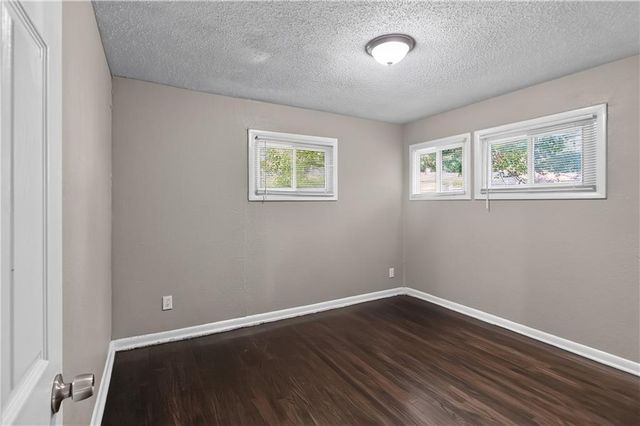 11403 Winchester Avenue, Kansas City, MO 64134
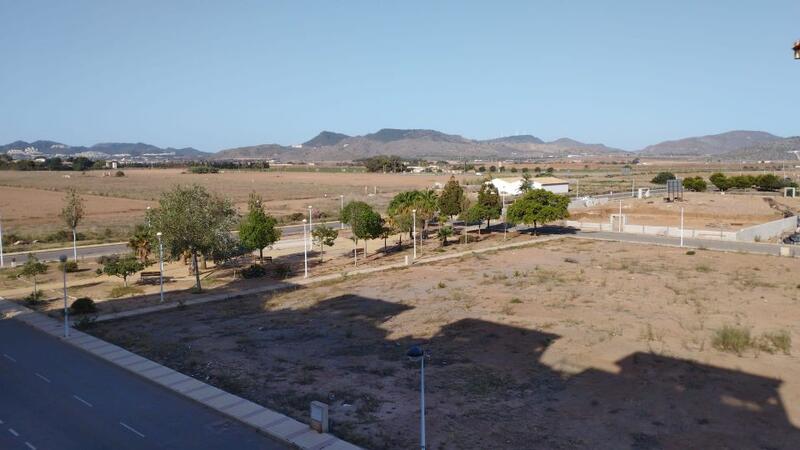 2 Cuarto Local Comercial en venta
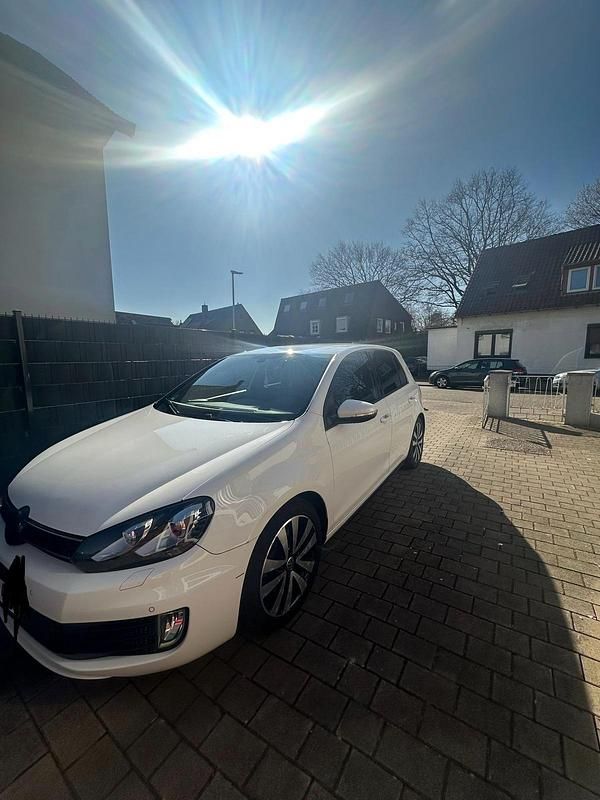 Gebraucht VW Golf VII GTD 170 PS (125 kW) 2012 Weiß Limousine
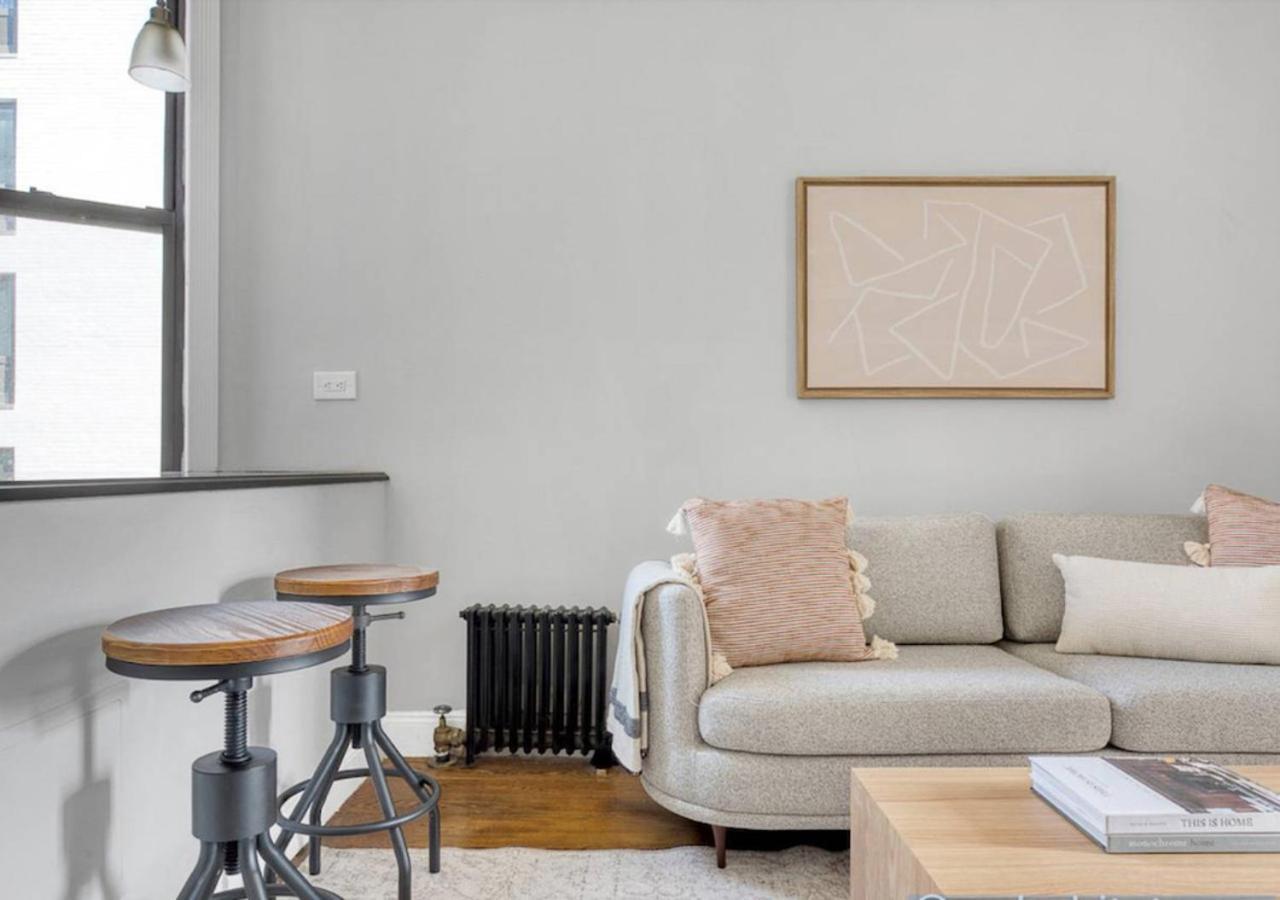 Midtown West Furnished 3br Apartment New York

Your task: An exact restatement is expected of the lines from the line containing "Gebraucht VW Golf" to the end of the data above, pictures excluded.

Answer for this exercise:
 Gebraucht VW Golf VII GTD 170 PS (125 kW) 2012 Weiß Limousine
 Midtown West Furnished 3br Apartment New York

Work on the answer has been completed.